Hello. My name is Panti and for the benefit of the visually impaired or
the incredibly naïve, I am a drag queen,
I am also a performer of sorts, and an accidental and occasional gay rights activist.
And as you may have already gathered, I am also painfully middle-class.
My father was a country vet, I went to a nice school,
and afterwards I went to that most middle-class of institutions - an art college.
And although although this may surprise some of you,
I have always managed to find gainful employment in my chosen field -
gender discombobulation.
So the kind of grinding, abject poverty that we saw so powerfully on stage tonight
is something I can thankfully say I have no experience of.
But, I do know a little something about oppression.
or at least oppression is something I can relate to.

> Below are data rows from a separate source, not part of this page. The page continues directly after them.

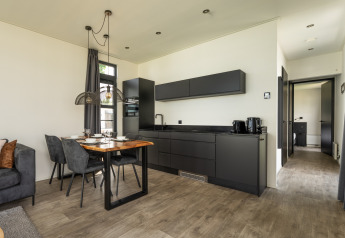 Moderne keuken met eetruimte in Villa «Maritiem», gelegen aan MarinaPark Bad Nederrijn, Nederland.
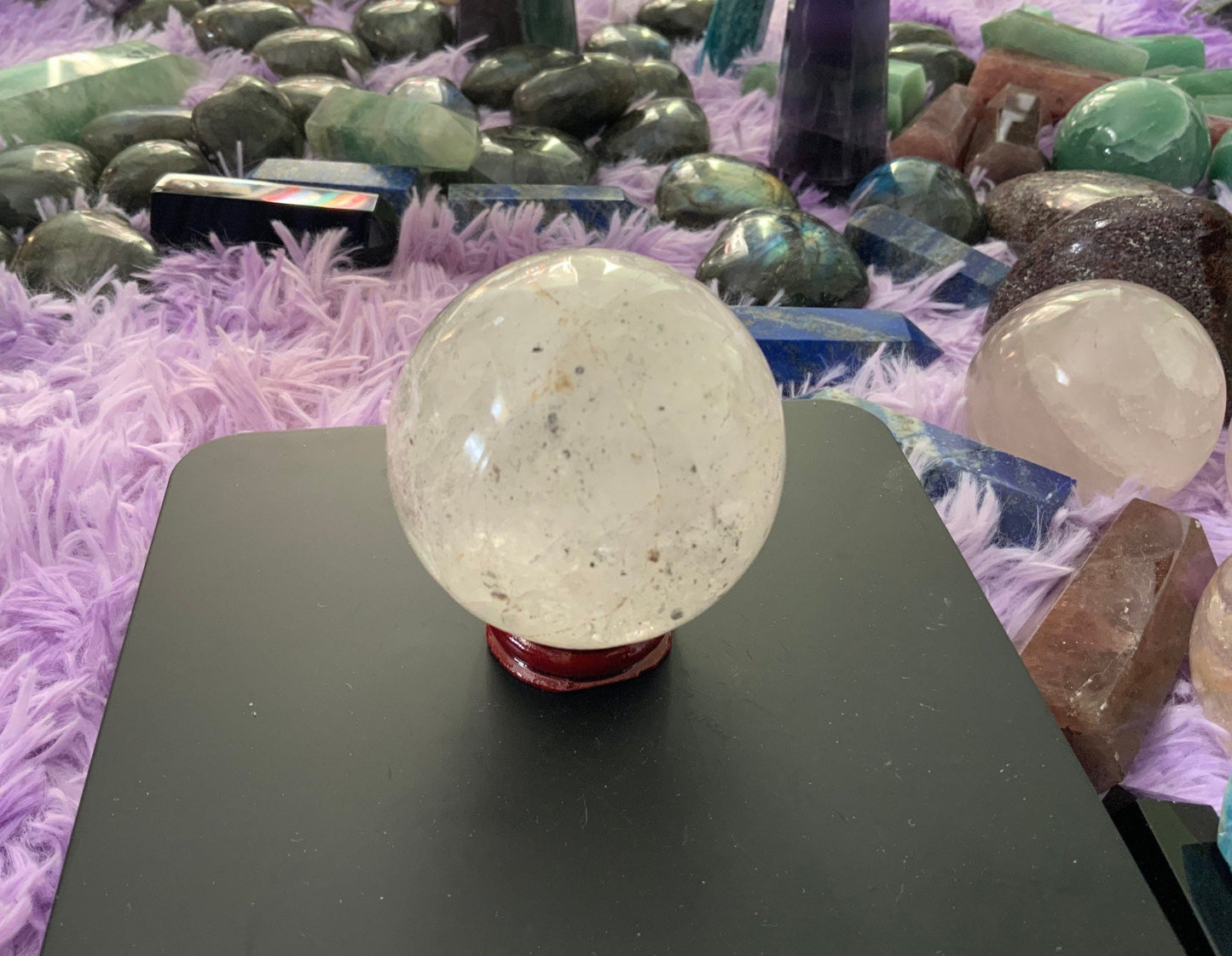 Beautiful 12.5 ounce clear quartz sphere crystal ball with wooden stand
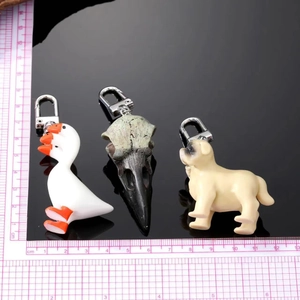 Detailed view of creative animal resin charms showing realistic textures and size scale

Now, I am not of course, for a minute going to compare my situation
to Dublin workers in 1913,
but I do know what it feels like to be put in your place.
Have any of you ever been standing at a pedestrian crossing when a car goes by and in it are
a bunch of lads,
and they lean out the window and they shout "***!" and throw a milk carton at you?
Now it doesn't really hurt.
It's just a wet carton and anyway they're right -- I am a ***.
But it feels oppressive.
When it really does hurt, is afterwards.
Afterwards I wonder and worry and obsess over what was it about me,
I mean, what did they see in me?
What was it that gave me away? And I hate myself for wondering that.
It feels oppressive and the next time I'm at a pedestrian crossing, I hate myself for it,
but I check myself to see what is it about me that "gives the gay away"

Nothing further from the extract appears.